- To do:
Transcribe the line holding "Dark Blue Casual Fake Denim Shirt" together with every line after it, through the end of the records, exactly and with no pictures.

- Input records:
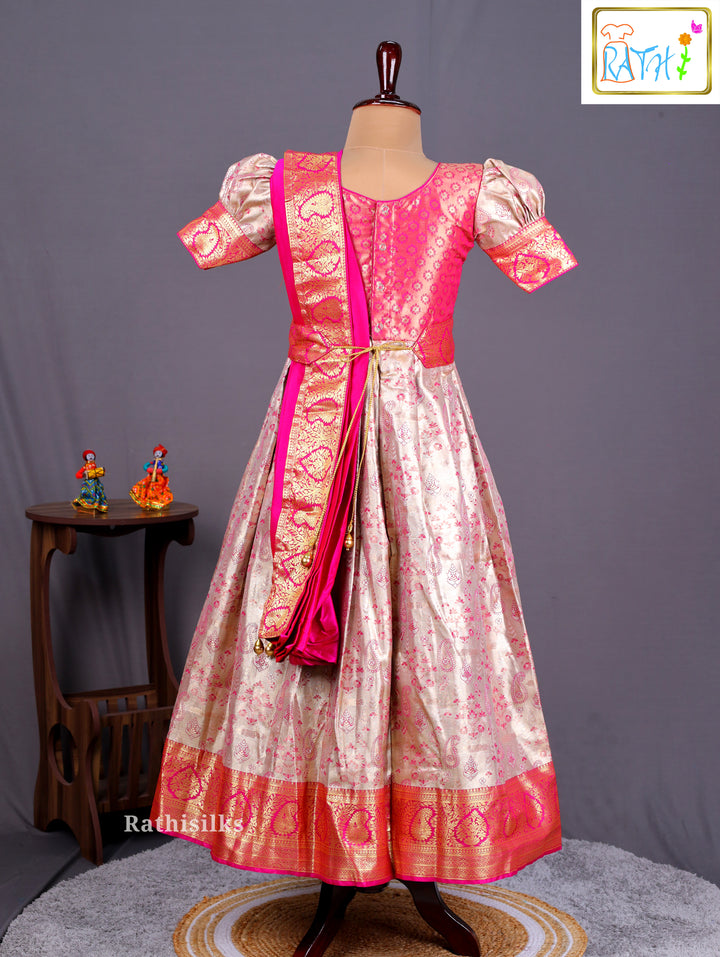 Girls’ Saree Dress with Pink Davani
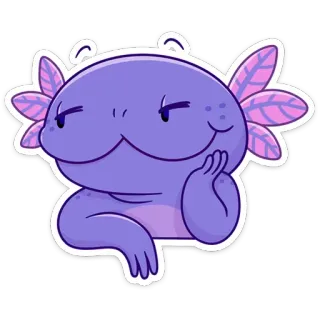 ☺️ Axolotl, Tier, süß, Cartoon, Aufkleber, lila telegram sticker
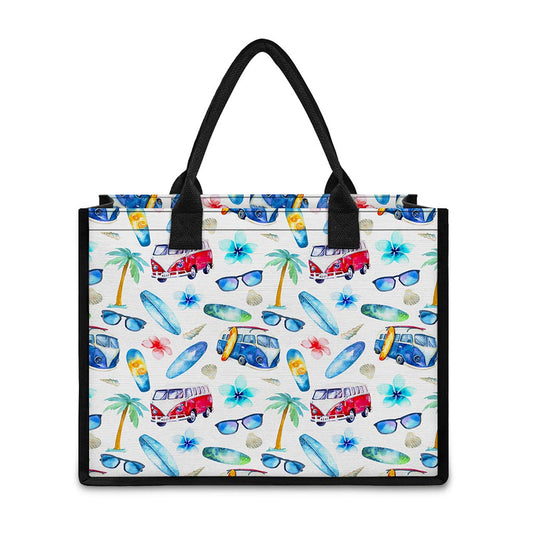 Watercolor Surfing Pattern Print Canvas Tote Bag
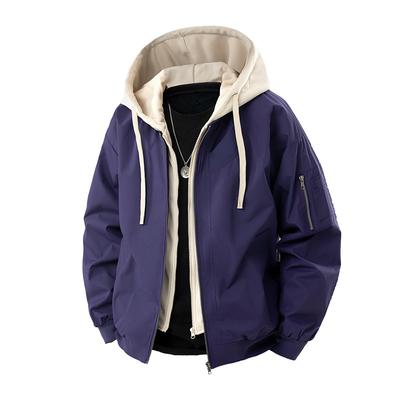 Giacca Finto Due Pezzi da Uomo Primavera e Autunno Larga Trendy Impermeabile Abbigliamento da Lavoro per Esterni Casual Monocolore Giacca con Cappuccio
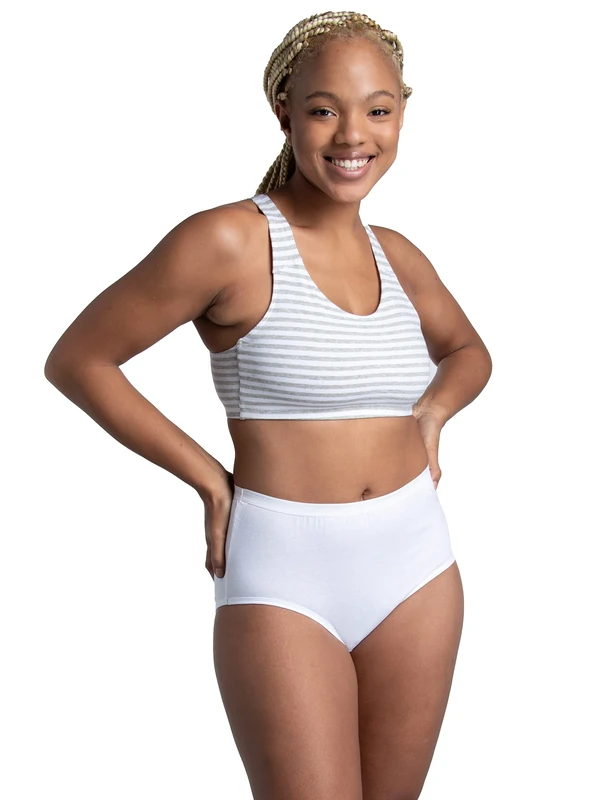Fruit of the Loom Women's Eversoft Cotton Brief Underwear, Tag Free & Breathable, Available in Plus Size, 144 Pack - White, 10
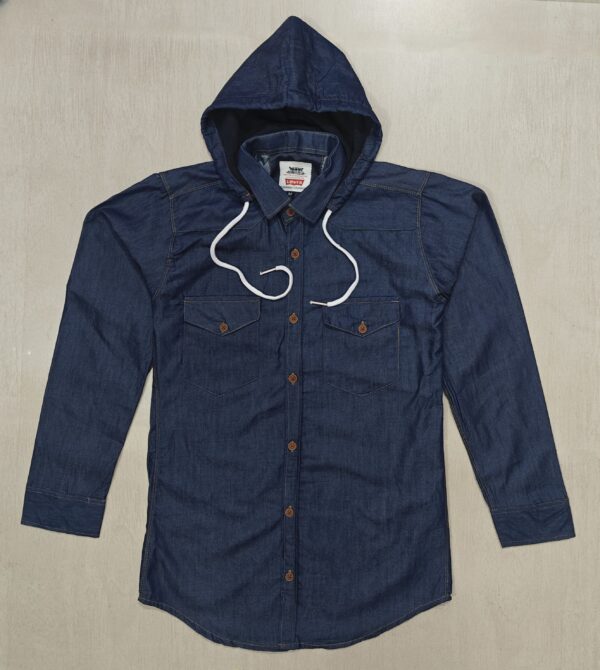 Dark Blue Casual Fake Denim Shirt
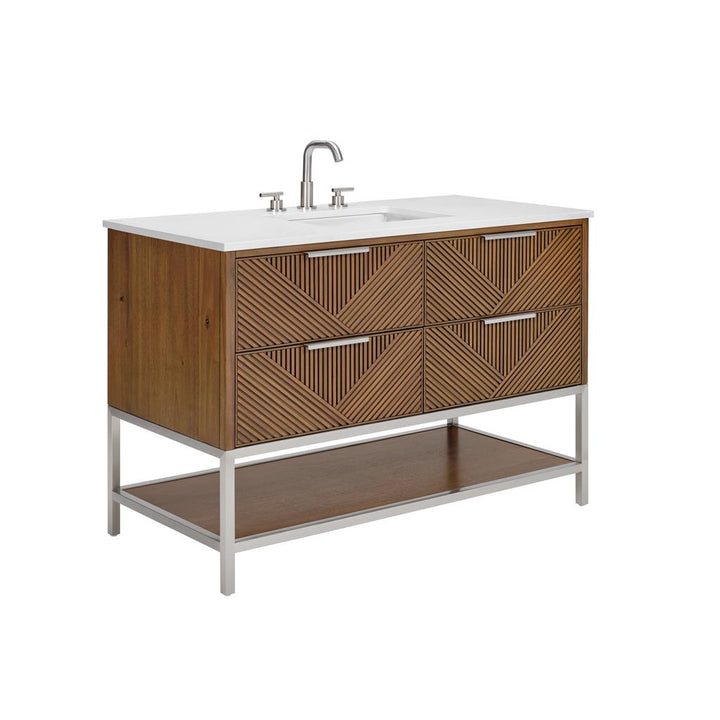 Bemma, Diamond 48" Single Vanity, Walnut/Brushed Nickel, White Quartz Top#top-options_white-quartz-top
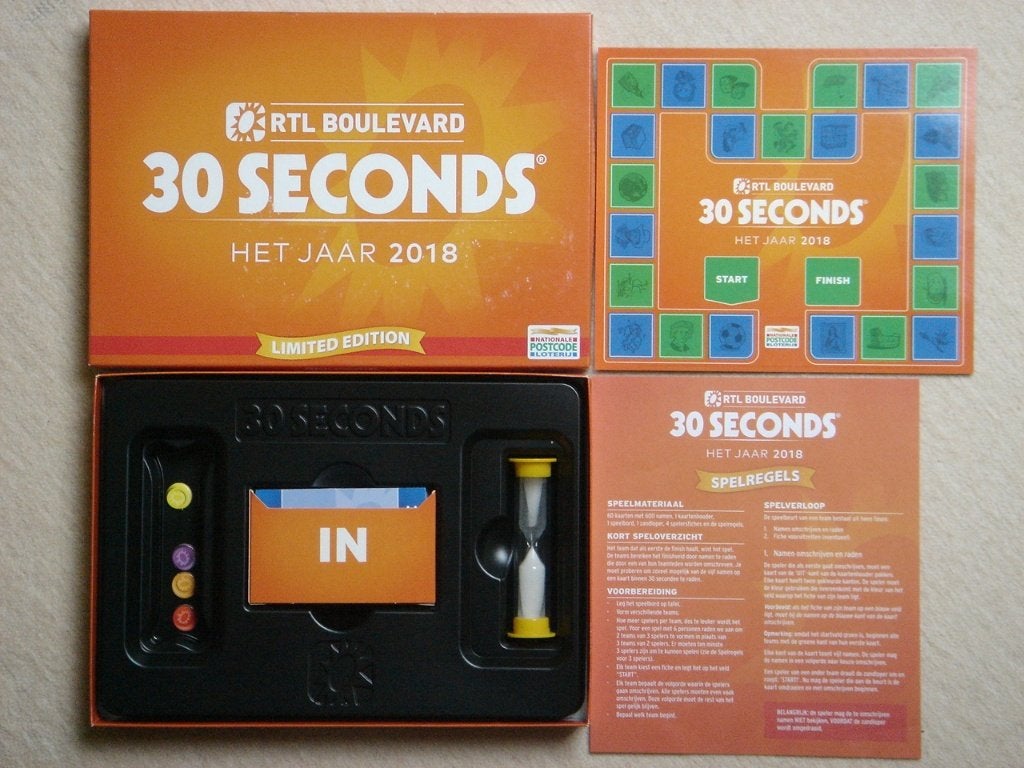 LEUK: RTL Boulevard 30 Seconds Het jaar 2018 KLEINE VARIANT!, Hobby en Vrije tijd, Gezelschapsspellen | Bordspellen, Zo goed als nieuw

- Written response:
 Dark Blue Casual Fake Denim Shirt
 Bemma, Diamond 48" Single Vanity, Walnut/Brushed Nickel, White Quartz Top#top-options_white-quartz-top
 LEUK: RTL Boulevard 30 Seconds Het jaar 2018 KLEINE VARIANT!, Hobby en Vrije tijd, Gezelschapsspellen | Bordspellen, Zo goed als nieuw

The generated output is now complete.